Most real property (real estate) transactions for the sale and purchase of property involve a buyer who secures financing (a mortgage loan) from a bank for the purchase of the property and transfers the lump sum purchase price to the seller at the closing, in exchange for the seller transferring the deed (title) to the buyer—or to an escrow for safekeeping until the buyer repays the loan to the lender.

But if the buyer does not have good credit or a sufficient credit history—and especially if the seller wants to sell the property to a specific person—the seller may consider seller financing for the transaction. In a seller-financed transaction the buyer signs a promissory note promising to pay the purchase price of the property to the seller over time, plus a stated interest rate, which is included in a monthly installment payment projected over some number of months or years.

Seller financing is often structured for the buyer to make monthly payments for a number of years (five years, for example) and then make a balloon payment for the remaining balance of the loan. This seller financing structure anticipates the buyer being able to secure a traditional loan from a bank with improved creditworthiness and some equity in the property (a home, for example).

There are pros and cons to seller financing for both the buyer and the seller. Seller financing may reduce closing costs and shorten the time to closing, but the buyer may pay a higher interest rate and the seller will take on risk that the buyer will default on the payments and the seller will have to go through the legal process of evicting the buyer from the property.

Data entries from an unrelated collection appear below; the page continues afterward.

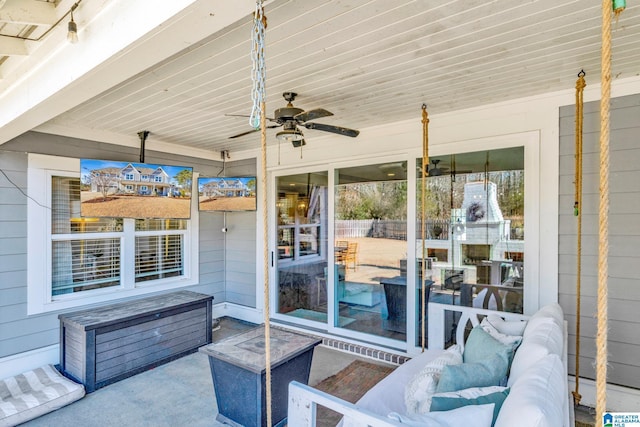 view of patio with ceiling fan and outdoor lounge area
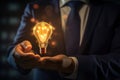 Businessman holding a glowing light bulb in his hand on abstract background, Businessman\'s hand holding a light Royalty Free Stock Photo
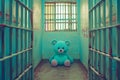Blue teddy bear toy in prison Royalty Free Stock Photo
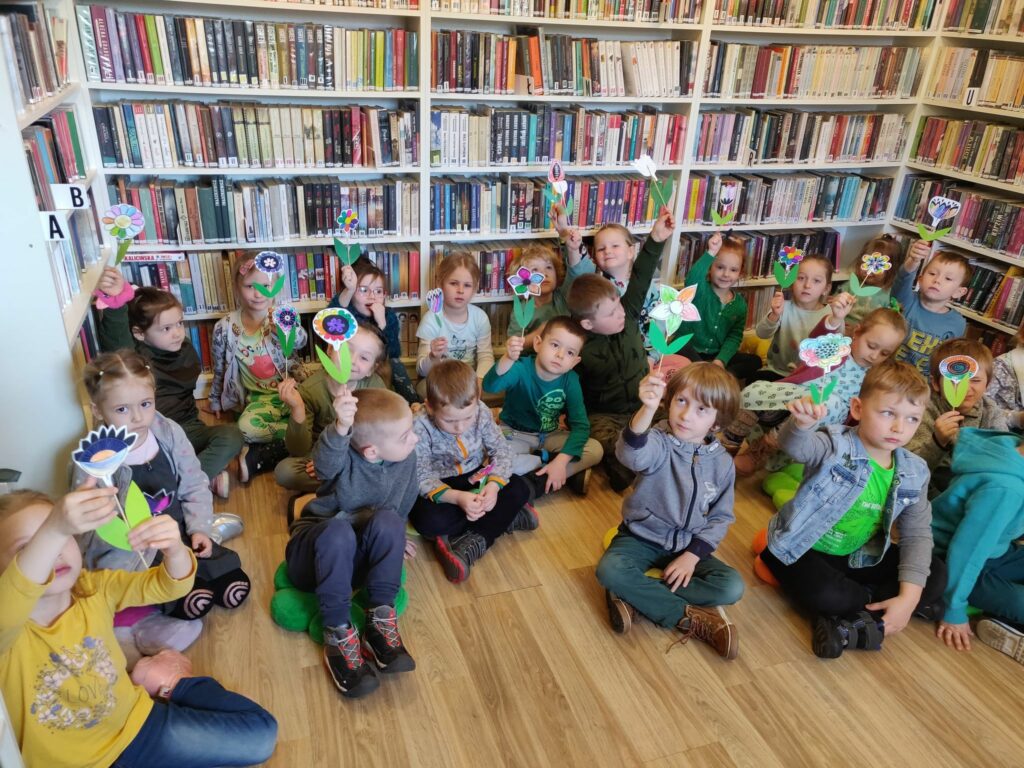 na zdjęciu widać salę biblioteczną, regały z książkami, na podłodze siedzą dzieci, w rękach trzymają kwiaty wykonane w czasie zajęć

In Texas, seller financing is a legal alternative to traditional mortgage lending for real estate transactions. This method allows a buyer, who may not qualify for a traditional loan due to poor credit or insufficient credit history, to purchase property directly from the seller. The buyer signs a promissory note agreeing to pay the seller the purchase price plus interest over time, typically through monthly installments with a balloon payment at the end of the term. The terms of seller financing, such as interest rates and payment schedules, are negotiable between the buyer and seller. Texas law requires that seller-financed transactions comply with state regulations, including the Texas Property Code, which may involve recording the transaction with the county, providing proper disclosures, and ensuring the financing terms do not violate usury laws. Additionally, federal laws such as the Dodd-Frank Wall Street Reform and Consumer Protection Act impose certain requirements on seller financing to protect consumers. While seller financing can offer benefits like reduced closing costs and quicker closings, it also carries risks for both parties, including the potential for default by the buyer, which could lead to foreclosure or eviction proceedings initiated by the seller.